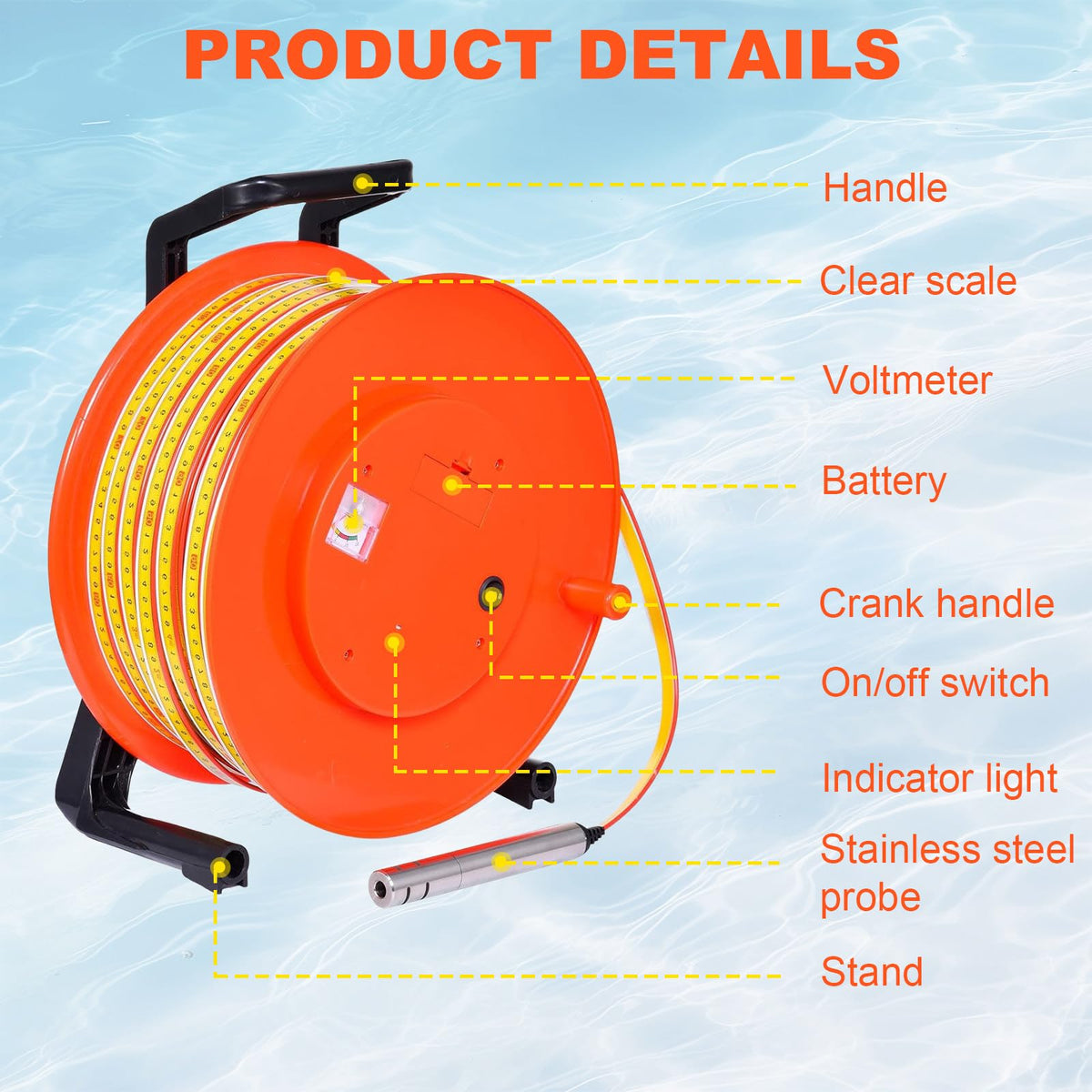 Well Water Level Gauge, Fixed Probe with Steel Tape, Accurate Liquid Level Measurement Tool for Industrial Use, 20 Meters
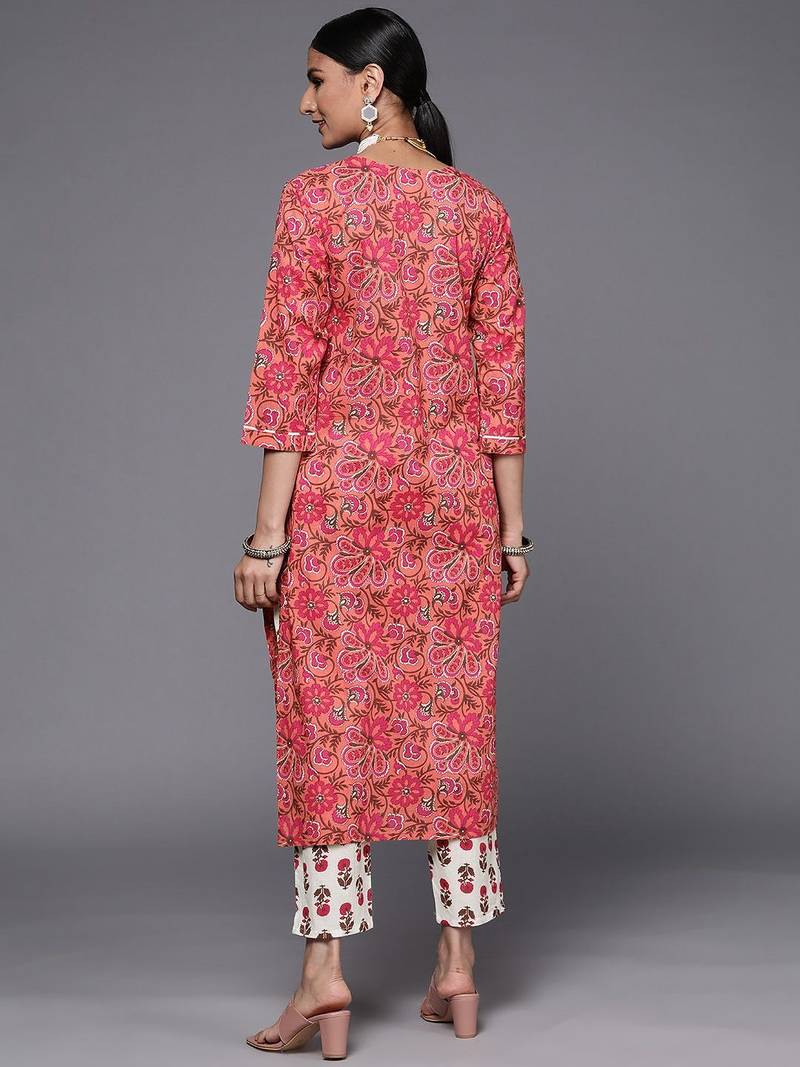 Women Peach-Coloured Pure Cotton Ethnic Motifs Printed Kurta with Trousers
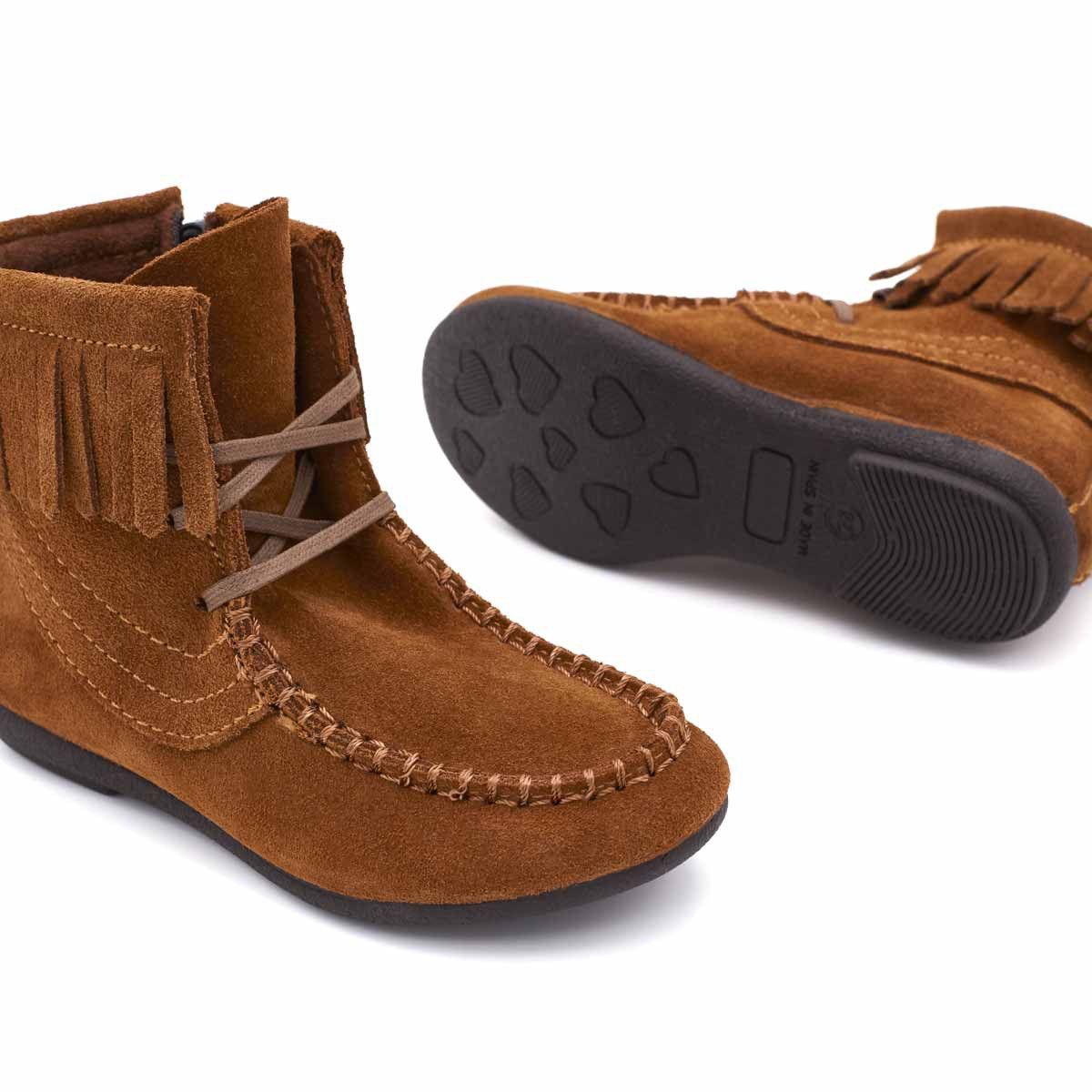 Botas Niña Flecos Serraje Cuero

=== Your assignment ===
Copy each line above exactly. Images do not belong in the copy.

=== Answer section ===
 Well Water Level Gauge, Fixed Probe with Steel Tape, Accurate Liquid Level Measurement Tool for Industrial Use, 20 Meters
 Women Peach-Coloured Pure Cotton Ethnic Motifs Printed Kurta with Trousers
 Botas Niña Flecos Serraje Cuero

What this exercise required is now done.